SUPPLIED MATERIAL
####

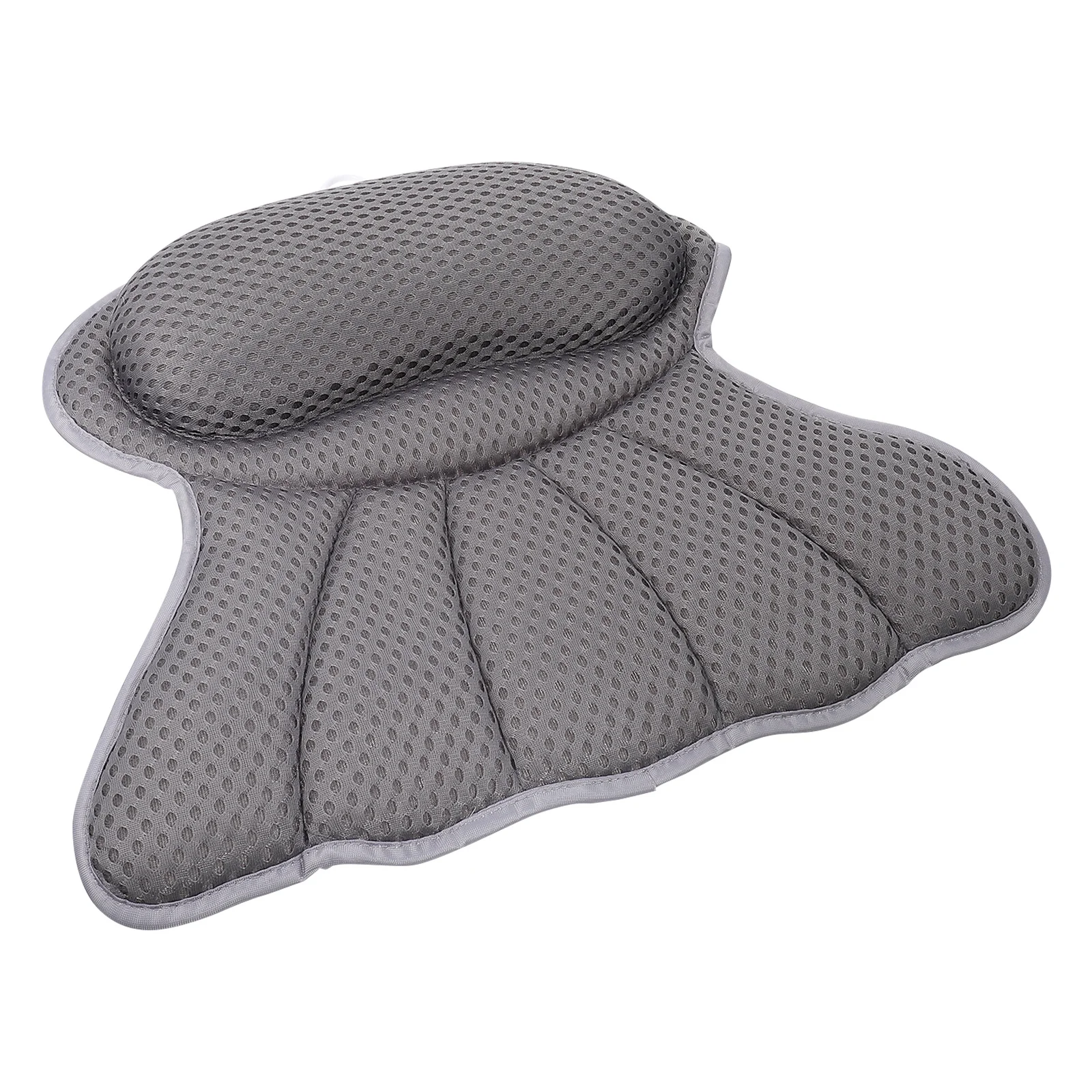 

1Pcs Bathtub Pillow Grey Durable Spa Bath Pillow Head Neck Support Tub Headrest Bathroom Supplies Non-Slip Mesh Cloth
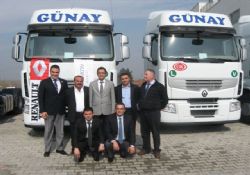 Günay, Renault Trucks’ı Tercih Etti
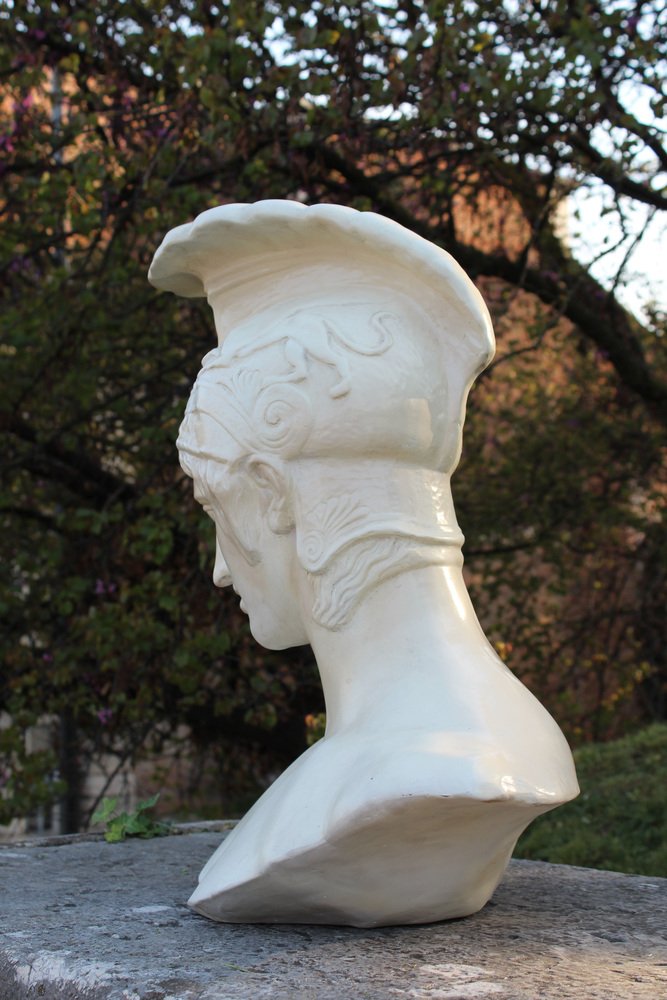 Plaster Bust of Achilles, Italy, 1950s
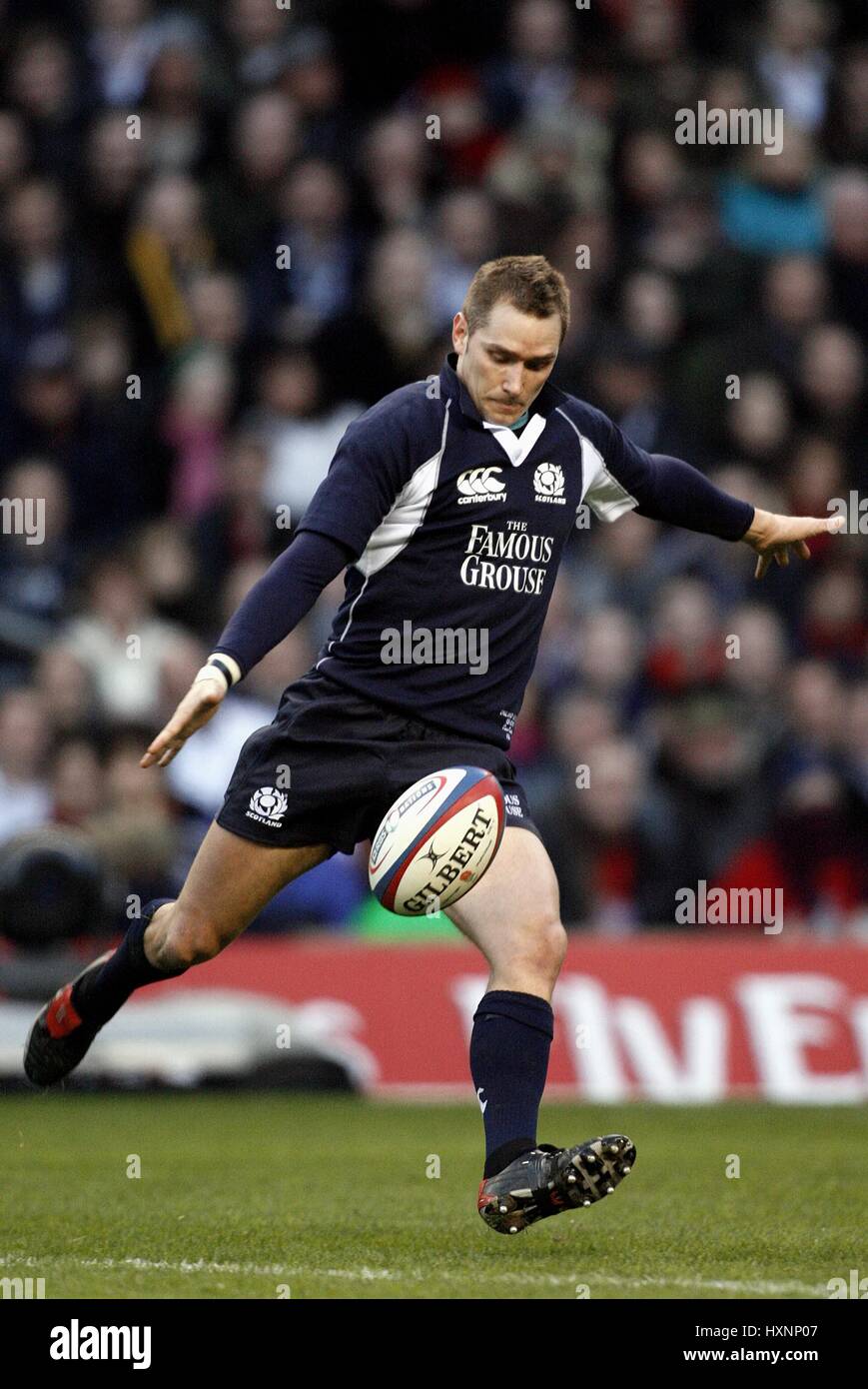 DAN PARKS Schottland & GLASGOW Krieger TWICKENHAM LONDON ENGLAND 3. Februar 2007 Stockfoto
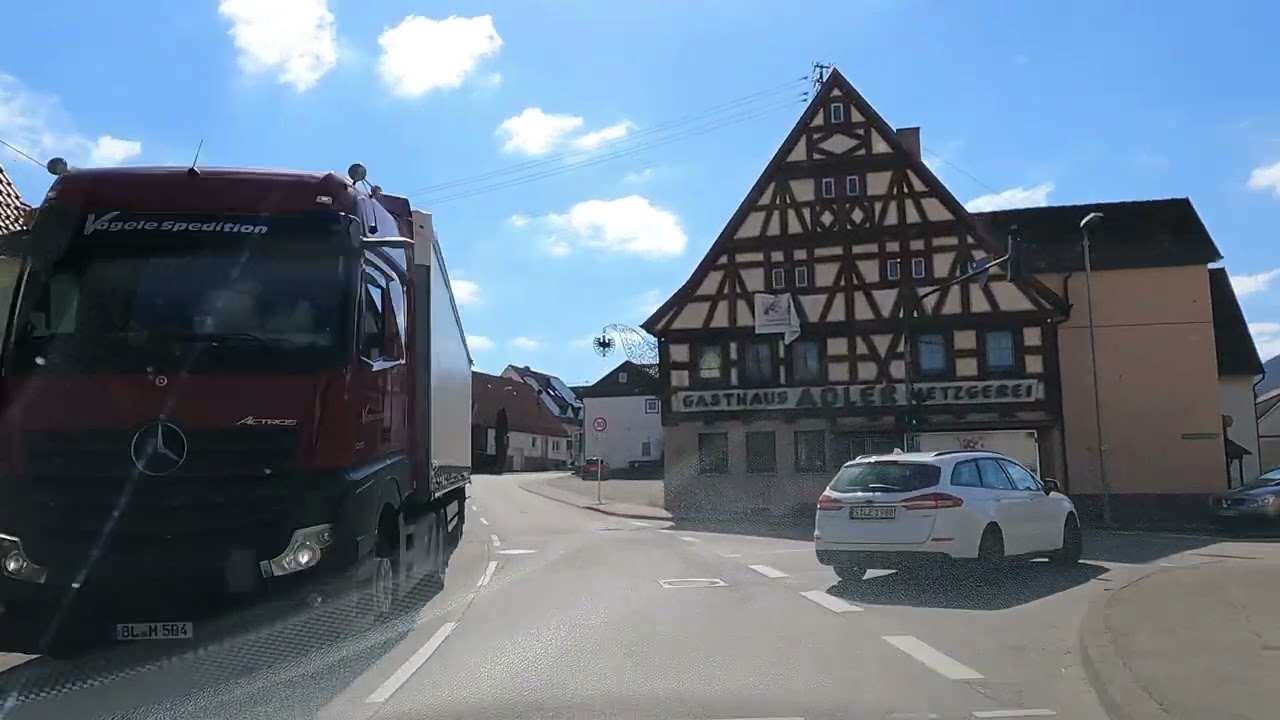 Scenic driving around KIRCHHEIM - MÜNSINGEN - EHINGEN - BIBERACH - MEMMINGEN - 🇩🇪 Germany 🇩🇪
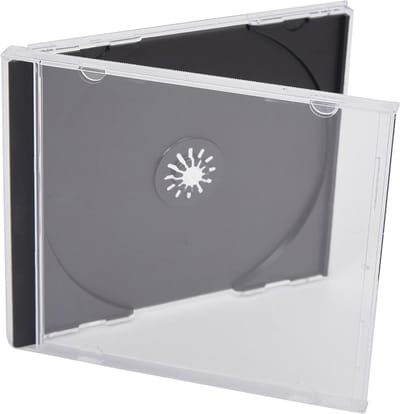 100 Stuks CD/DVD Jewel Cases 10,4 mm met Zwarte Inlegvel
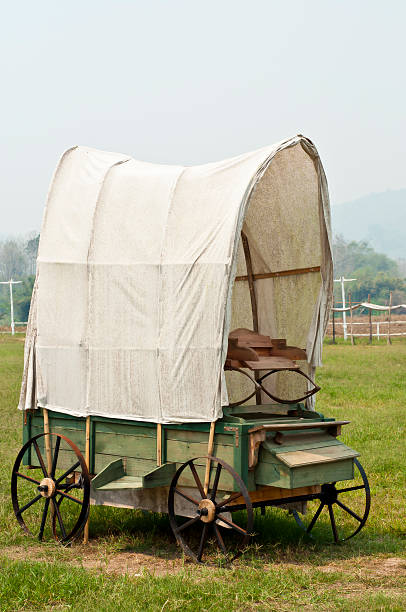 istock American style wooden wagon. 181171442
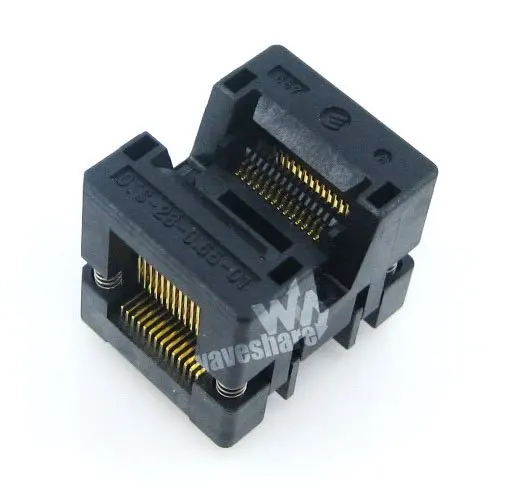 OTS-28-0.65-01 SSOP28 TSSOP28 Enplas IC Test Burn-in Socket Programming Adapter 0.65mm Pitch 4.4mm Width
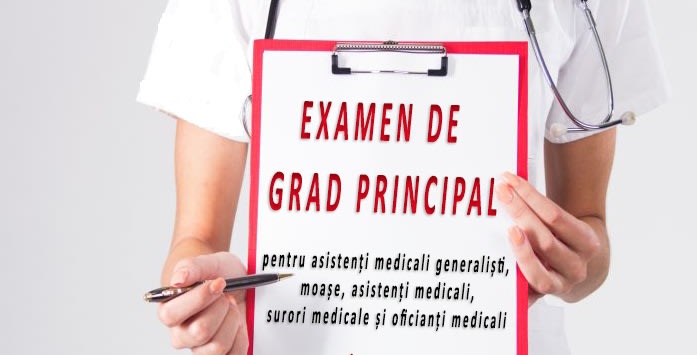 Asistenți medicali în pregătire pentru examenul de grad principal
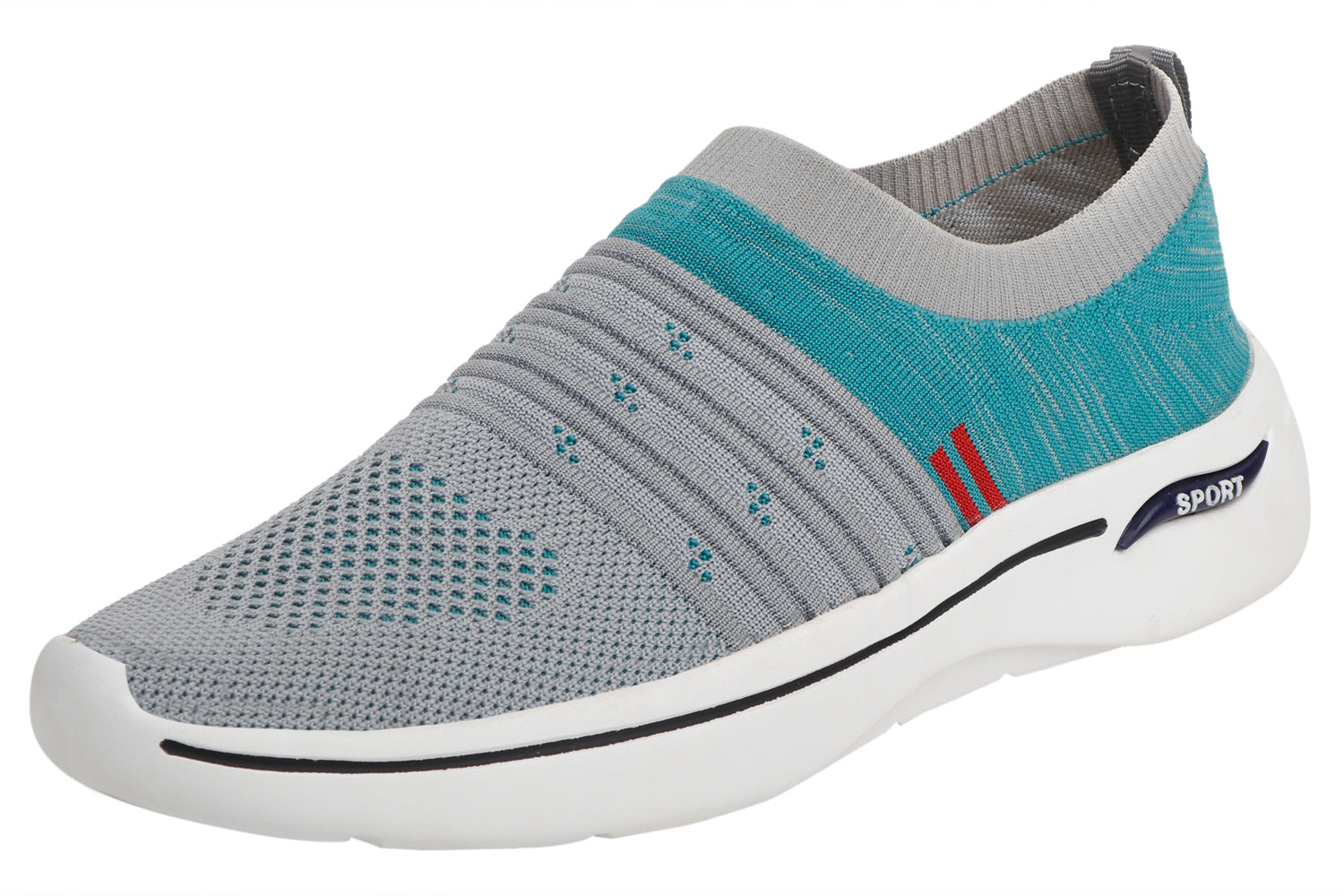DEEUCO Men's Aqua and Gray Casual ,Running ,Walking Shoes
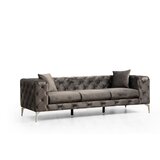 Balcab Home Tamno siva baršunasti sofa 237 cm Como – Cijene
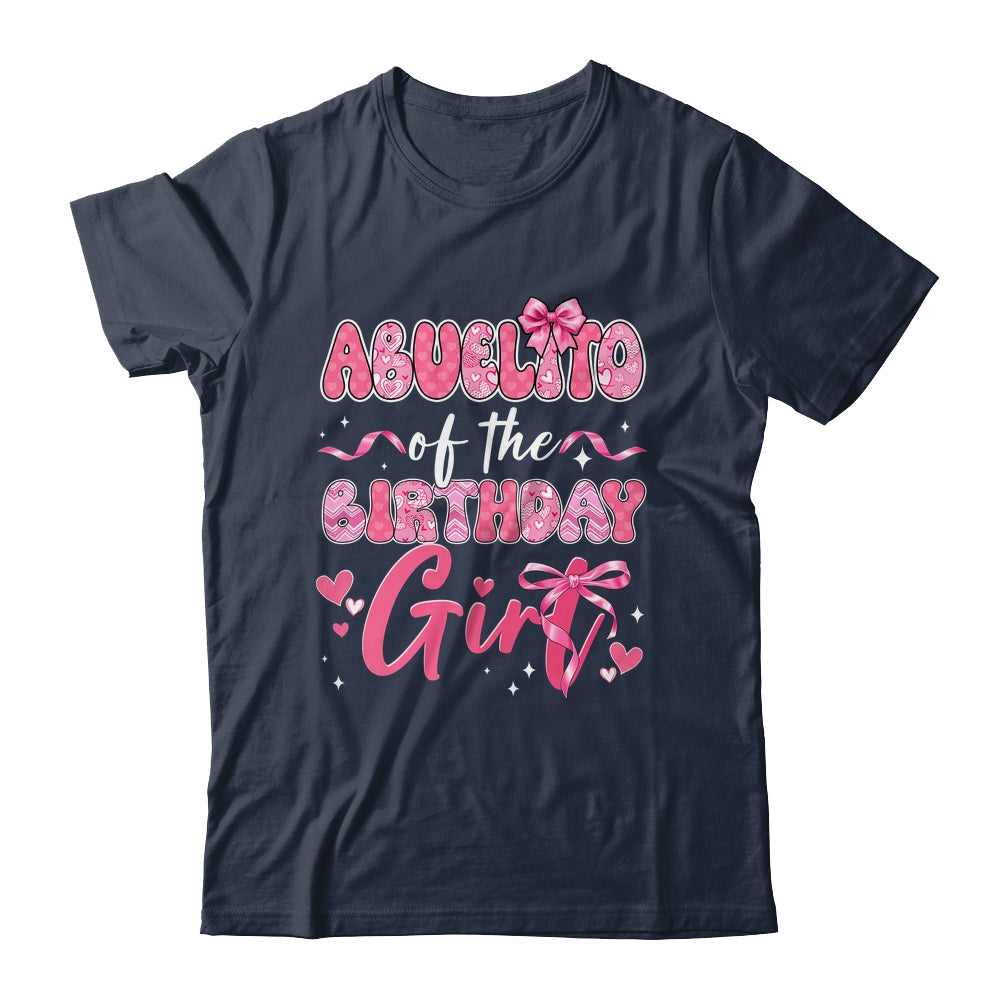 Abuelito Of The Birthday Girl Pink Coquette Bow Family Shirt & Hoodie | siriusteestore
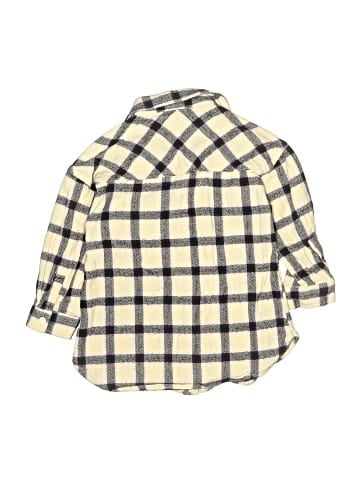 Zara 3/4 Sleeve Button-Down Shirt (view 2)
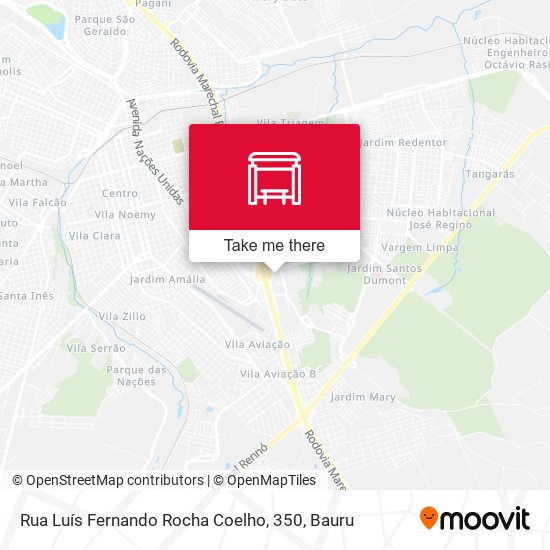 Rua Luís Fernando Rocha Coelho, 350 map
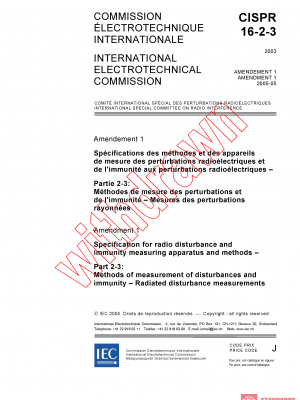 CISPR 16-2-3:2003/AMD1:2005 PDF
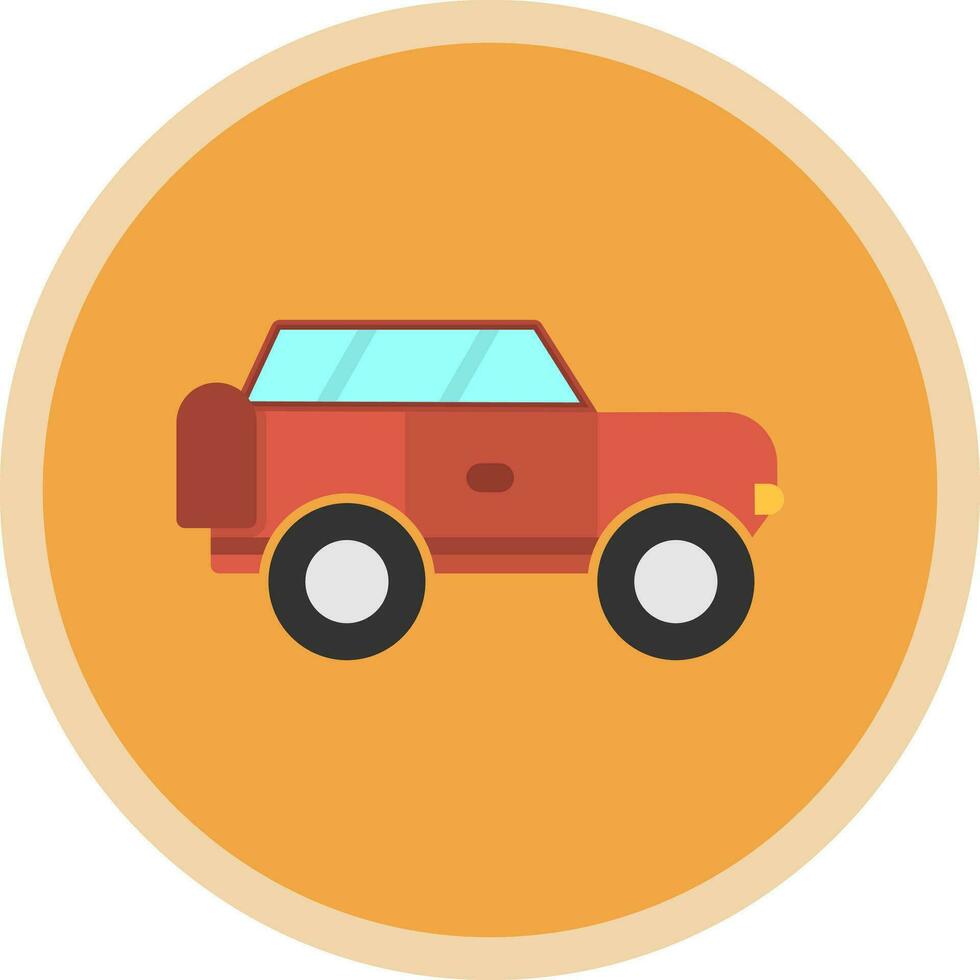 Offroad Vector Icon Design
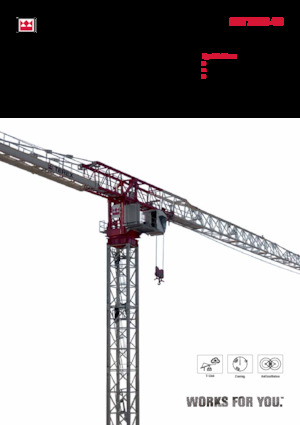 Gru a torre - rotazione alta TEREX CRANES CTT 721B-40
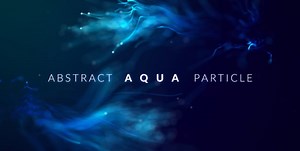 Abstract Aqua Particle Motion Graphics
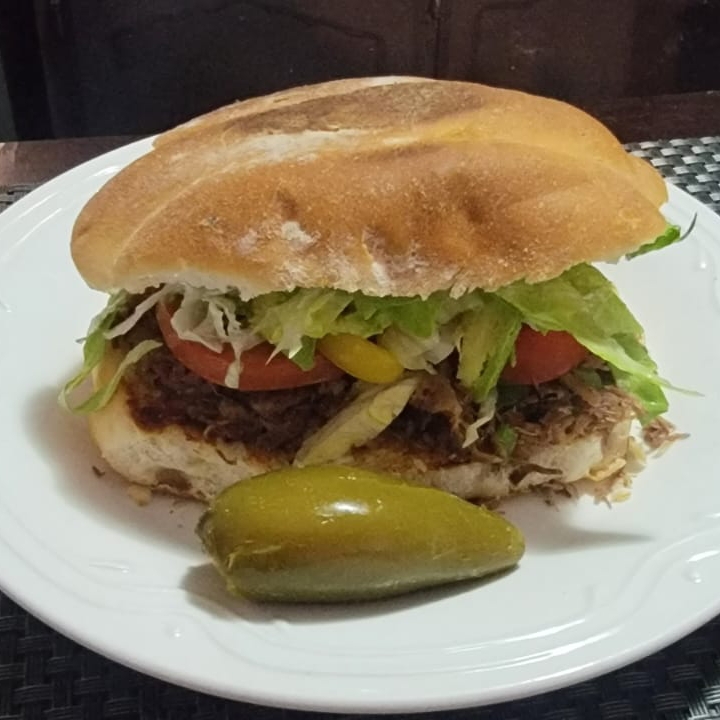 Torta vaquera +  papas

####

PROBLEM STATEMENT
All entries should be given again exactly, except that pictures are to be excluded.

SOLUTION FOR THIS EXERCISE
1Pcs Bathtub Pillow Grey Durable Spa Bath Pillow Head Neck Support Tub Headrest Bathroom Supplies Non-Slip Mesh Cloth
 Günay, Renault Trucks’ı Tercih Etti
 Plaster Bust of Achilles, Italy, 1950s
 DAN PARKS Schottland & GLASGOW Krieger TWICKENHAM LONDON ENGLAND 3. Februar 2007 Stockfoto
 Scenic driving around KIRCHHEIM - MÜNSINGEN - EHINGEN - BIBERACH - MEMMINGEN - 🇩🇪 Germany 🇩🇪
 100 Stuks CD/DVD Jewel Cases 10,4 mm met Zwarte Inlegvel
 istock American style wooden wagon. 181171442
 OTS-28-0.65-01 SSOP28 TSSOP28 Enplas IC Test Burn-in Socket Programming Adapter 0.65mm Pitch 4.4mm Width
 Asistenți medicali în pregătire pentru examenul de grad principal
DEEUCO Men's Aqua and Gray Casual ,Running ,Walking Shoes
 Balcab Home Tamno siva baršunasti sofa 237 cm Como – Cijene
 Abuelito Of The Birthday Girl Pink Coquette Bow Family Shirt & Hoodie | siriusteestore
 Zara 3/4 Sleeve Button-Down Shirt (view 2)
 Rua Luís Fernando Rocha Coelho, 350 map
 CISPR 16-2-3:2003/AMD1:2005 PDF
 Offroad Vector Icon Design
 Gru a torre - rotazione alta TEREX CRANES CTT 721B-40
 Abstract Aqua Particle Motion Graphics
 Torta vaquera +  papas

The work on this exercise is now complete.